Really, Dr. Anderson? You did not find that dichotomy– “decent” vs. “the streets”– problematic? He repeatedly emphasizes that the “residents themselves” use this term– as if he can preemptively shield himself from an imminent swarm of denunciations. As if readers would not recognize the problem of extrapolating use of the term “decent” to the Black poor at large.
So many “studies” of the ghetto immediately locate it as separate and different. I suppose it is impossible to view an entity as heterogeneous when we judge from afar, or toe the boundary to take a quick ethnographic “peek” to substantiate our claims. We arm ourselves with statistics and our handy-dandy notions of morality to judge ‘their’ behavior—but this is where science and morality fail. Drug addicts, murderers, and Bloods are not numbers and statistics. And analyses that seek to compare and reconcile two entities at odds (one good, one evil) often do so prematurely.

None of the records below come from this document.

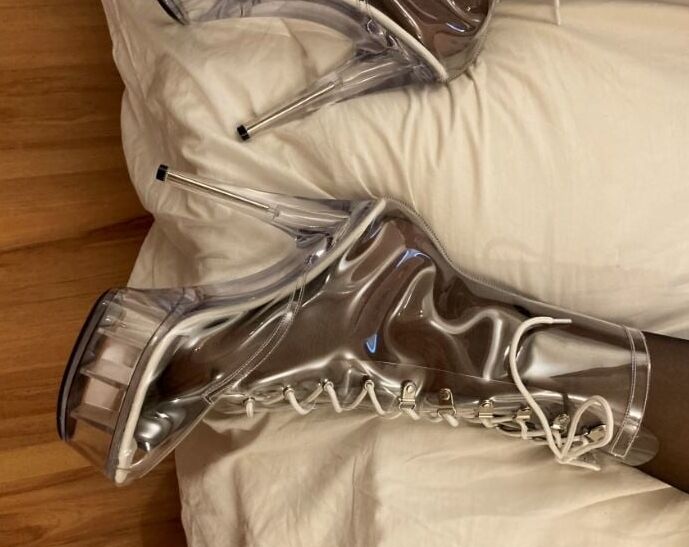 Clear PVC Plastic Boots and Nylons 2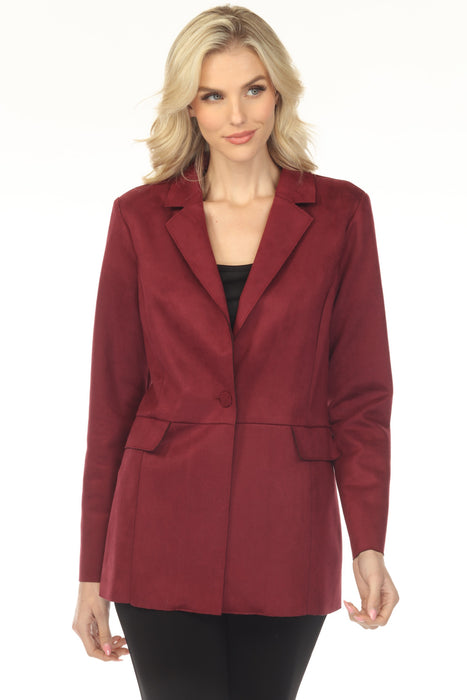 Woman wearing a red scuba suede blazer with fake flap pockets from Joseph Ribkoff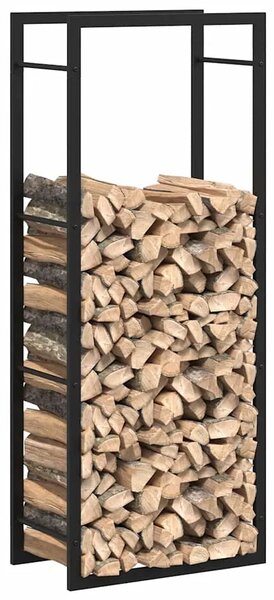 Stalak za drva za ogrjev mat crni 50x28x132 cm čelični - Crna 50 x 28 x 132 cm Crna 50 x 28 x 132 cm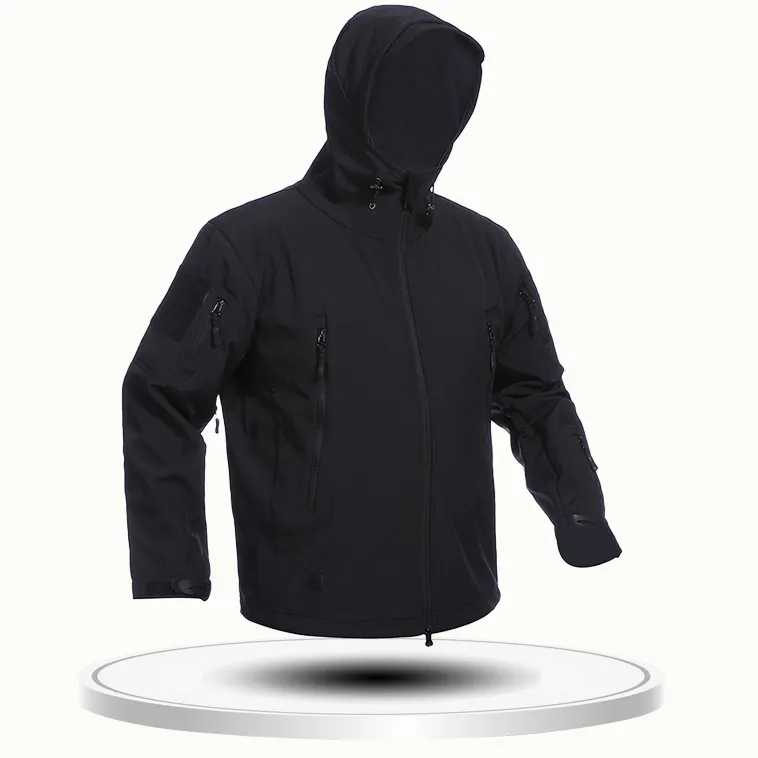 Men Fashion Casual Camouflage Outdoor Waterproof Warm Fleece Long-Sleeve With Hat Coat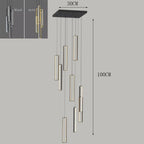 Minimalist Gold Hanging Pendant Light for Stairwell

To the first point, “the ghetto” that people often speak of is simply a homogenizing appellation (like “the Orient”), and our quantitative analyses are often useful but reductive. To truly understand something, we cannot just observe the structural conditions in which its inhabitants are immersed, analyze statistics taken from random samples to represent the mean disposition of the aggregate, and then impose our understanding of how “society” or an “economy” functions as a bottom line to which their “marginal” universe must adapt and adjust. To the second point, people’s intent on “fixing” something of which they have no extended firsthand knowledge seems silly. So often, analysts fail to acknowledge their distance from their subjects—or perhaps, they simply fail to recognize that this distance must be traversed! Thus, the implicit claims to authenticity in many ethnographic studies are rendered invalid.
Another problem is the tendency to “study” the ghetto with the intention of comparing it to how “normal” American society works, thus reinscribing its location as marginal. What if a Venn diagram representation of the “mainstream” and the “marginal” prevailed?